* _Source data_:
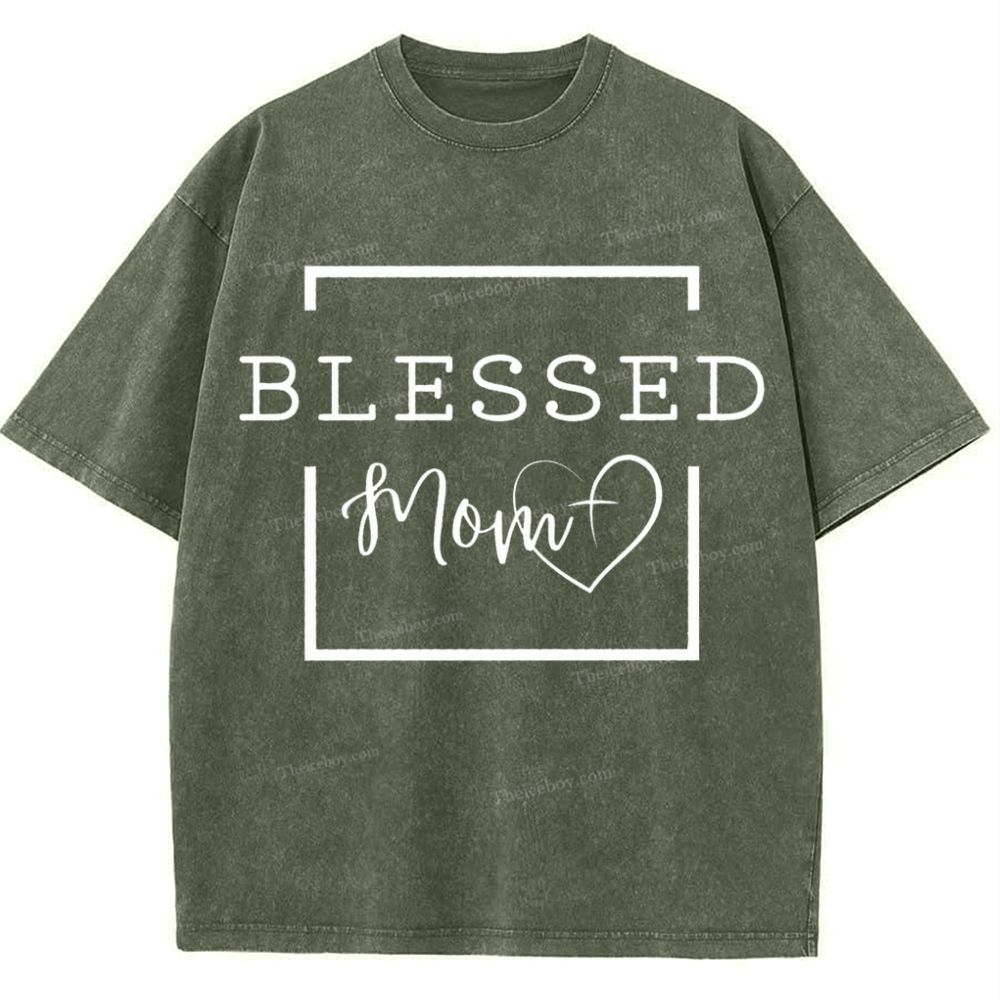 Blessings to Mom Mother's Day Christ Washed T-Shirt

...

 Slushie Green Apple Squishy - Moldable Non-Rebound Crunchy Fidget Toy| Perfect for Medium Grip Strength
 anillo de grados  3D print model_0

* _Exercise aim_:
For the lines above, output exactly those from the line containing "Slushie Green Apple" through the line containing "anillo de grados", and skip the others.

* _Final answer_:
 Slushie Green Apple Squishy - Moldable Non-Rebound Crunchy Fidget Toy| Perfect for Medium Grip Strength
 anillo de grados  3D print model_0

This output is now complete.